Bible Commentary

Jeremiah 49:7

The Pulpit Commentary on Jeremiah 49:7

The Pulpit Commentary · Joseph S. Exell and contributors · Public domain

The failure of wisdom.

Edom, the country of Job, the haunt of ancient lore, is to find that her learning and science will prove no safeguard against the deluge of destruction that is about to burst over the nations. The disaster which fell upon ancient "wise men" of the East may be a warning to the higher intelligences of all ages. The failure of wisdom is twofold—negative and positive.

I. NEGATIVE; THERE ARE EVILS WITH WHICH WISDOM CANNOT COPE.

1. Physical. Science can do much to avoid troubles into which ignorance falls, to mitigate inevitable disasters, and to devise means of escape from those which are already present. Sanitary science will help to prevent disease, and medical science to cure it. Military science will put a country in a certain state of security; economical science will check dangers of poverty. But how many of the worst things in life are beyond the power of science! The philosopher cannot arrest the hand of the invader. The most terrible diseases are the most fatal. Men have long since given up the vain search for the elixir of life. Science is powerless before death.

2. Moral. Still less can science "minister to the mind diseased" What consolation is a knowledge of the processes of a malady to the mourner, the light of whose eyes is darkened forever by its fatal work? What comfort can science whisper to the widow and the orphan? The great burden of the world's sorrow, and the weariness of the unceasing cares of life, it does not so much as touch. The deeper evil of sin flows in a foul, black stream, unchecked by science. The mission of science is great and glorious, and we should be profoundly thankful that we live in an age when its bright torch confers many a boon and relieves many a trouble. But we must not ignore the fact that the greatest ills that flesh is heir to are just those which it cannot cure.

II. POSITIVE: THERE ARE EVILS WHICH WISDOM INVOKES UPON ITS OWN HEAD. Knowledge is good and Divine, and in itself a blessing of the first order.
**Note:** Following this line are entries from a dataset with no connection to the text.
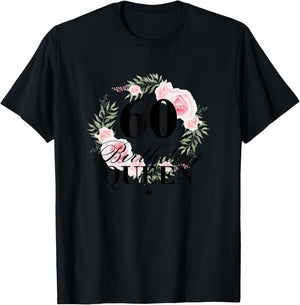Ladies 60th Birthday Queen 60 Years , White, s T-Shirt - T-Shirt | Black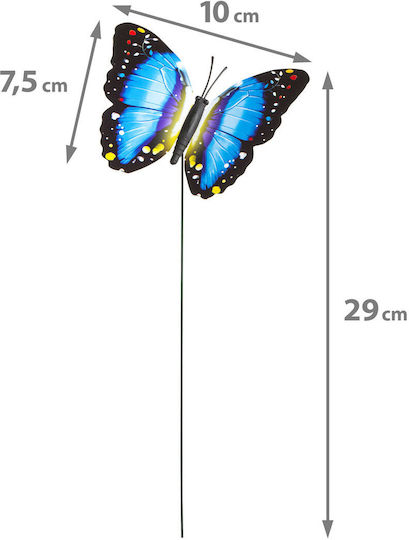 Garden Decoration Butterfly 29 Cm Outdoor Ornament Fixing Rod Pvc Plastic Multicolor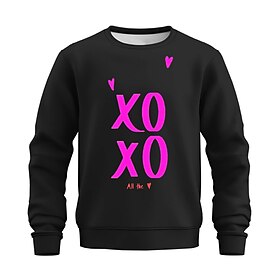 Heart Graphic Men's Fashion 3D Print Golf Pullover Sweatshirt Holiday Vacation Going Out Sweatshirts Black White Long Sleeve Crew Neck Prin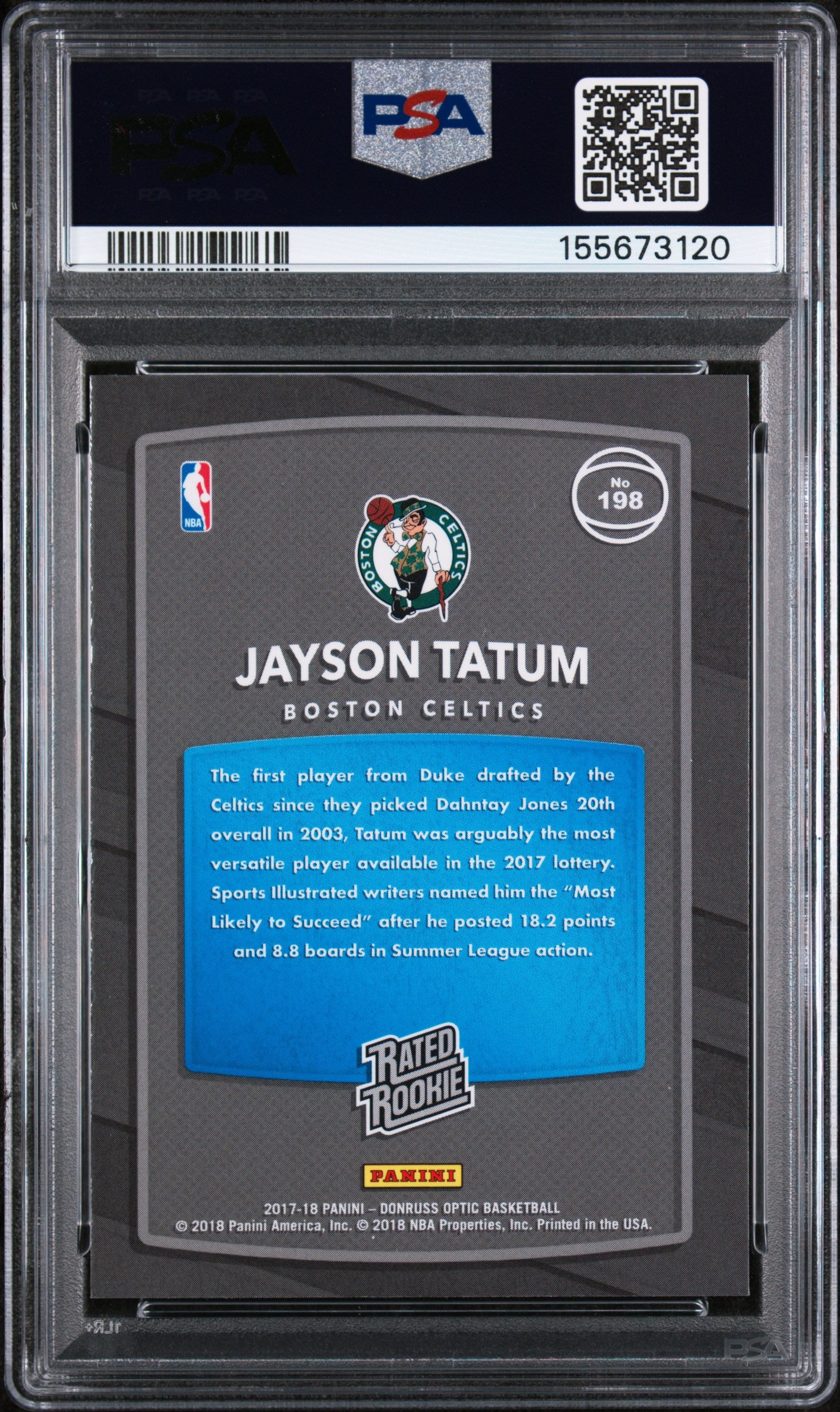 2017 Panini Donruss Optic Jayson Tatum #198 Rookie Rated RC PSA 10 Gem Mint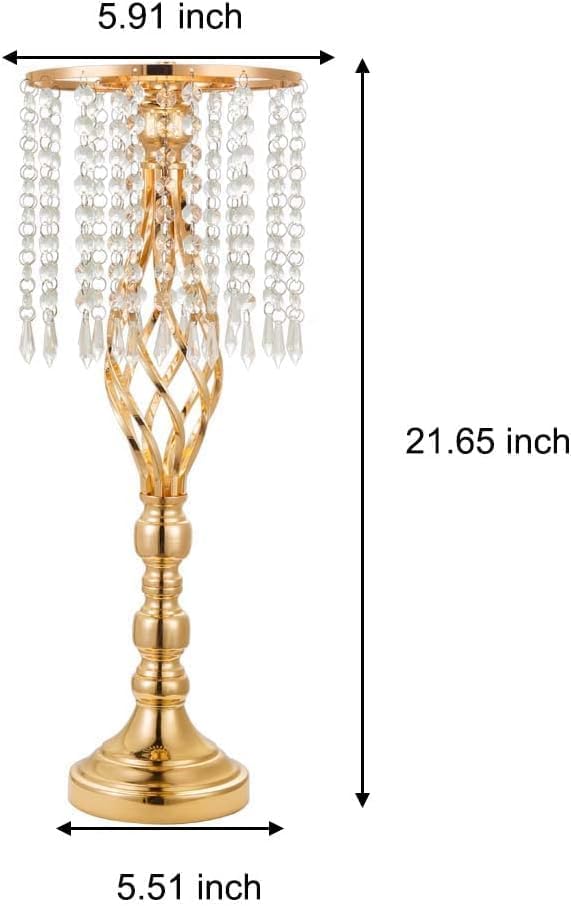 Miniatura 7 de 8 centros de mesa de flores doradas de 21.65 pulgadas, jarrón de flores de metal de cristal, centros de mesa de boda para decoración de mesas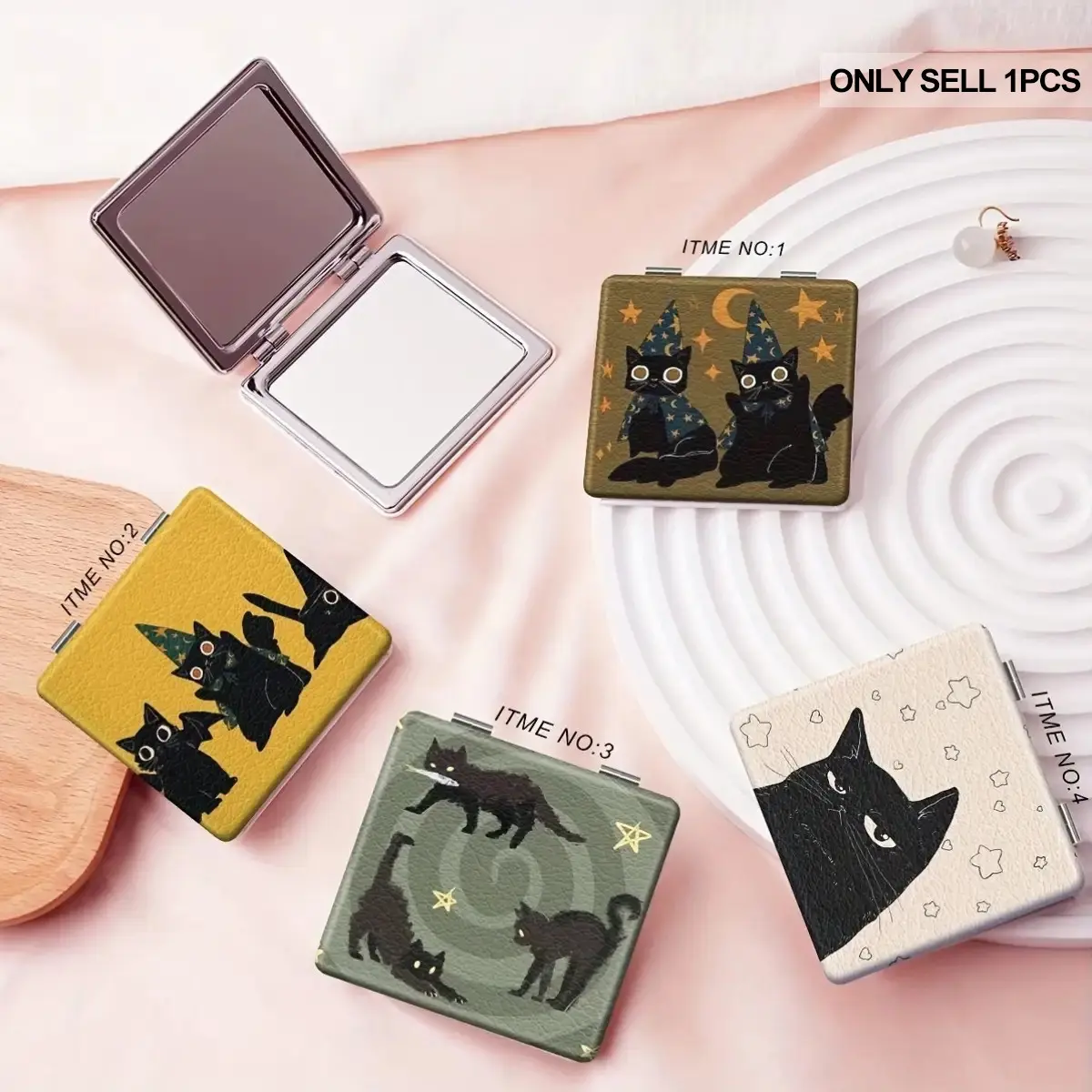 Fashionable Black Cat Mirror - A convenient folding gift for birthdays, Halloween or daily life, perfect retro beauty accessory, suitable for family, friends, students, daily holiday gifts, handheld makeup mirror, travel small pocket makeup mirror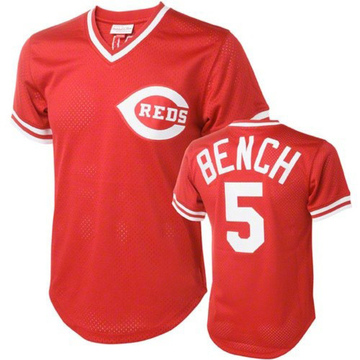 Men's Cincinnati Reds Johnny Bench Red Throwback Jersey - Authentic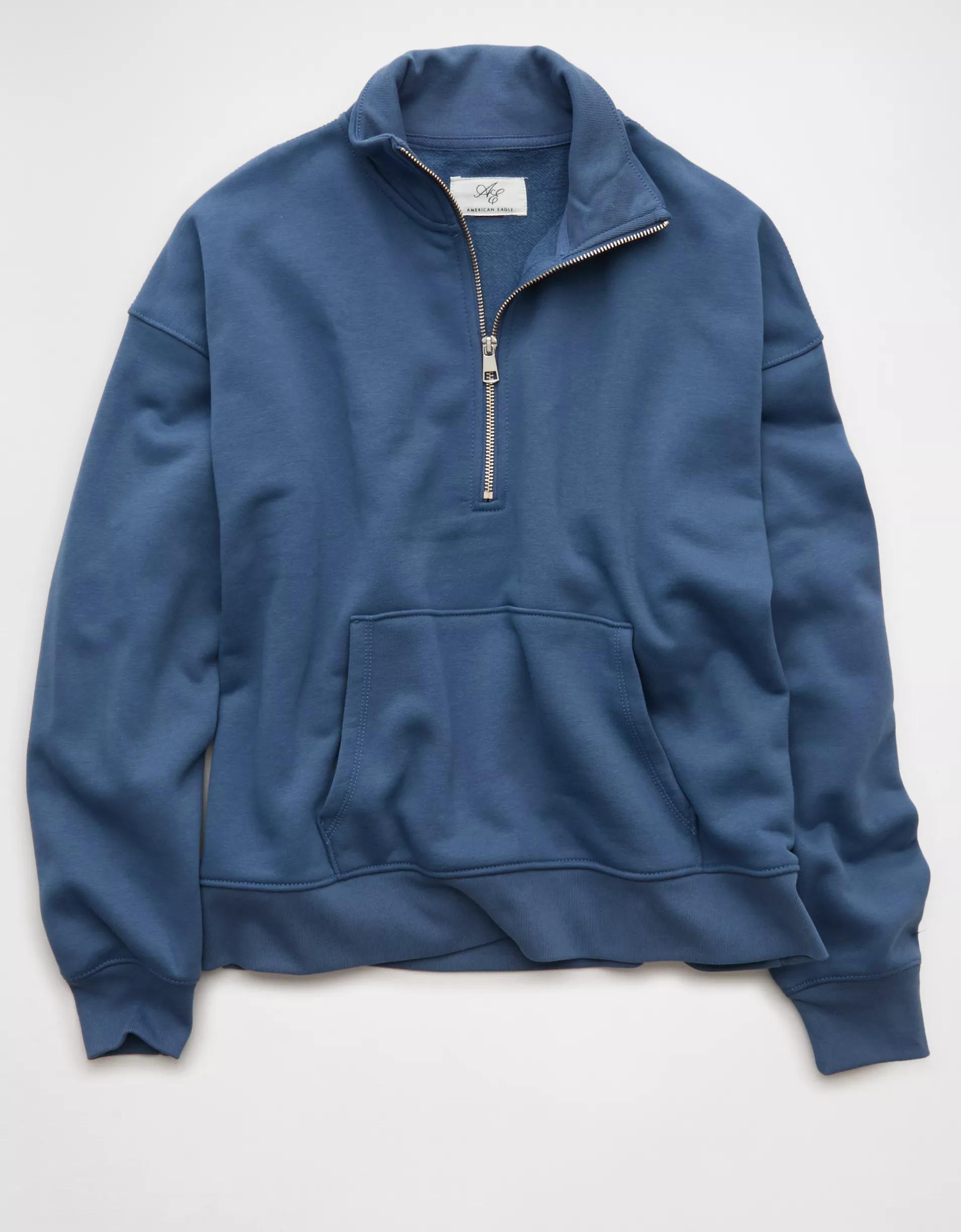 AE Everyday Luxe Quarter Zip Sweatshirt Product Image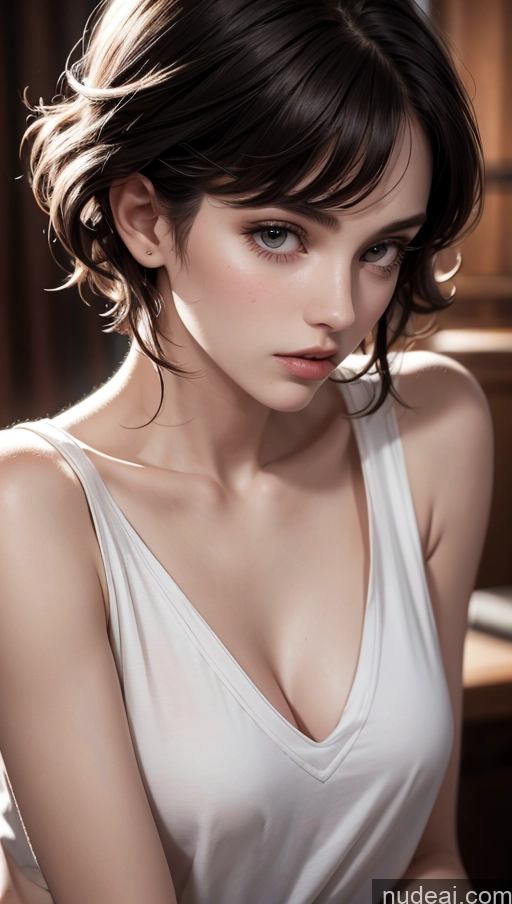 related ai porn images free for Black Hair Pixie Shirt Close-up View Small Tits 18 Skinny Fairer Skin White Dark Lighting Bright Lighting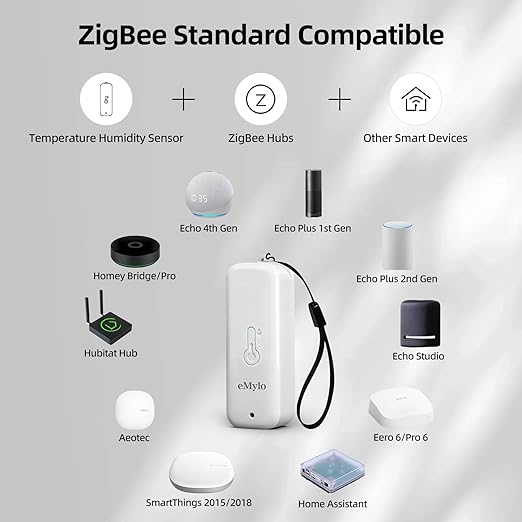 eMylo Zigbee Temperature Humidity Sensor-3 Pack, IP65 Indoor Outdoor Thermometer Hygrometer, Hub Required, APP Remote Monitoring&Home Automation, Compatible with Echo Devices with Zigbee Hub Built-in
Yet it brings a snare, and the abuse of it terrible disasters.

1. The knowledge of inevitable evil only increases distress. "Where ignorance is bliss," etc.

2. Superior wisdom may engender pride. Hence arises a false sense of security which only increases danger. The wise man is slow to tread those lowly paths which lead to true rest. It is difficult for him to become as a little child, that he may enter into the kingdom of heaven.

3. Wisdom may come to be trusted to for help that it cannot afford. Men make an idol of science, as though it were a new evangel. The ultimate disappointment must correspond to the grossness of the delusion. We must learn, therefore, while avoiding a foolish depreciation of science and philosophy, to look still for our safety and blessedness to that higher wisdom of God, that gospel of the Crucified, which is still to some as foolishness.